Recently kernel RAID56 lib is trying to remove the unexpected
single-data-RAID56 (2 disks RAID5 or 3 disk RAID5) support, meanwhile
btrfs still supports such setup, which means in the long run btrfs has
to handle such corner case by ourselves.

Thankfully single-data-RAID56 is really RAID1/RAID1C3, since data and
P/Q stripes all match each other, rotation also makes no difference.

This patch will disguise those single-data-RAID56 chunks as
RAID1/RAID1C3 chunks.

This is done at two timings:

- Chunk read
- Chunk allocation

And this disguise only affect on-disk chunk map, not affecting the
corresponding block groups, so the extra bits like RAID1C3 or RAID56
compatible flags will not be affected.

This method has a minimal impact on the fs, all other operations like
scrub and read-repair, are all based on the chunk map type, so the
disguise method will require no extra modification to those call sites.

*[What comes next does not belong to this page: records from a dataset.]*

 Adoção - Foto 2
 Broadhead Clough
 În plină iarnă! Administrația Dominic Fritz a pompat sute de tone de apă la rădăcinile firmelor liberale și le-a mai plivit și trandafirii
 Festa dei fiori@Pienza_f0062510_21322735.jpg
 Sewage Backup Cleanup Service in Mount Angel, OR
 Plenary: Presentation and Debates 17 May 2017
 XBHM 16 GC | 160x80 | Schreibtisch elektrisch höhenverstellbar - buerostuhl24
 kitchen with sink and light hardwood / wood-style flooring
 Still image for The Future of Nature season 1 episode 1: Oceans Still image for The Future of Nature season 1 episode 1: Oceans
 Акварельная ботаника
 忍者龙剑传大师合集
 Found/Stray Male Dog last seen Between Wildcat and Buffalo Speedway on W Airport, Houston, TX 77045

Although there are still some locations that are checking against
block_group->flags, e.g. scrub. Those call sites will still get extra
limits assuming the bg is RAID56. But it should not cause any extra
problem.

Signed-off-by: Qu Wenruo <wqu@suse.com>
---
Reason for RFC:

Although the current patch works fine, it is a little fragile, e.g. at
chunk allocation time, we must use the bg->flags, instead of the
in-memory chunk map type.

I'm wondering if we should introduce some dedicated member, e.g.
btrfs_chunk_map::on_disk_type to handle it.
---
 fs/btrfs/volumes.c | 24 +++++++++++++++++++++++-
 1 file changed, 23 insertions(+), 1 deletion(-)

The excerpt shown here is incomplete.